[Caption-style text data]
┄┄┄┄┄┄┄┄┄┄┄┄┄┄┄┄┄┄┄┄

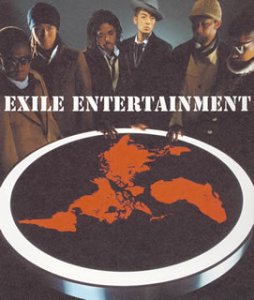 EXILE ENTERTAINMENT(初回生産限定)(CCCD)(DVD付) [CD] EXILE 99% Radio Allstars ZEEBRA SHUN ATSUSHI 佐藤ありす L.L BROTHERS Kenn Kato Ryk 魔亜 IGOR; EXILE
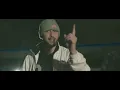Nimo - Bitter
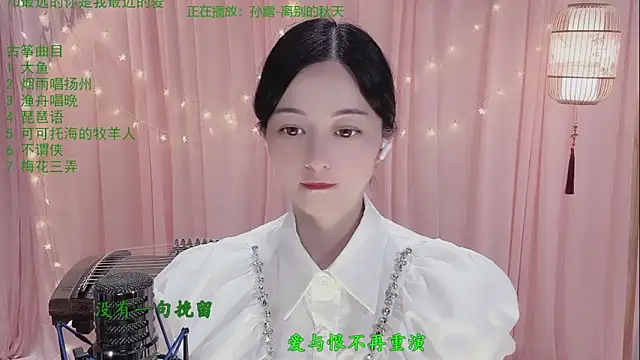 Snapshot of Tian-xin-999 chatting on April 28, 2026, 3:17 pm Tian-xin-999 online show from April 28, 2026, 3:17 pm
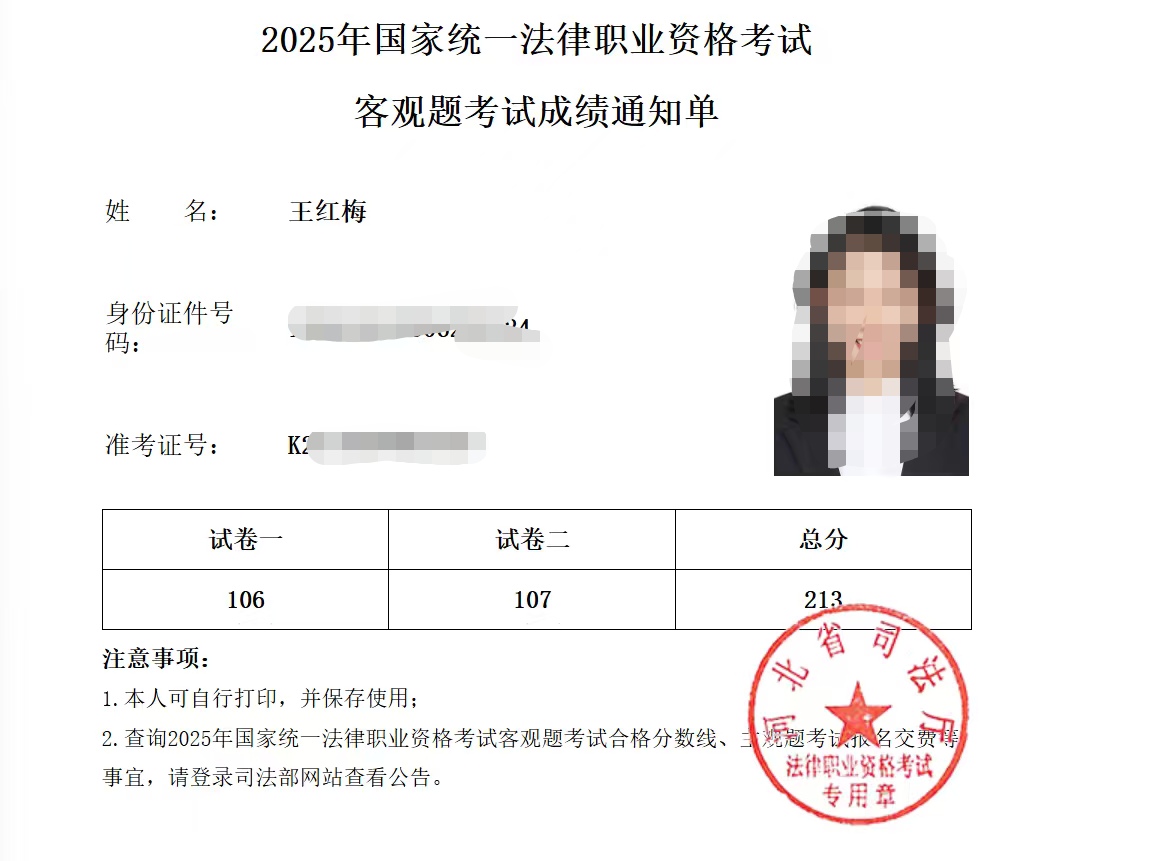 经验贴图片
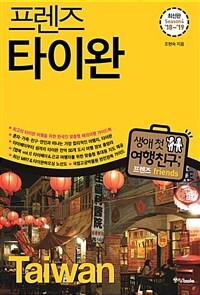 프렌즈 타이완 - 최고의 타이완 여행을 위한 한국인 맞춤형 해외여행 가이드북, Season 4, '18~'19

┄┄┄┄┄┄┄┄┄┄┄┄┄┄┄┄┄┄┄┄

▶ **Task instructions**: Word for word, reproduce all of the entries above and omit the pictures.

▶ **Result of this exercise**:
 EXILE ENTERTAINMENT(初回生産限定)(CCCD)(DVD付) [CD] EXILE 99% Radio Allstars ZEEBRA SHUN ATSUSHI 佐藤ありす L.L BROTHERS Kenn Kato Ryk 魔亜 IGOR; EXILE
Nimo - Bitter
 Snapshot of Tian-xin-999 chatting on April 28, 2026, 3:17 pm Tian-xin-999 online show from April 28, 2026, 3:17 pm
 经验贴图片
 프렌즈 타이완 - 최고의 타이완 여행을 위한 한국인 맞춤형 해외여행 가이드북, Season 4, '18~'19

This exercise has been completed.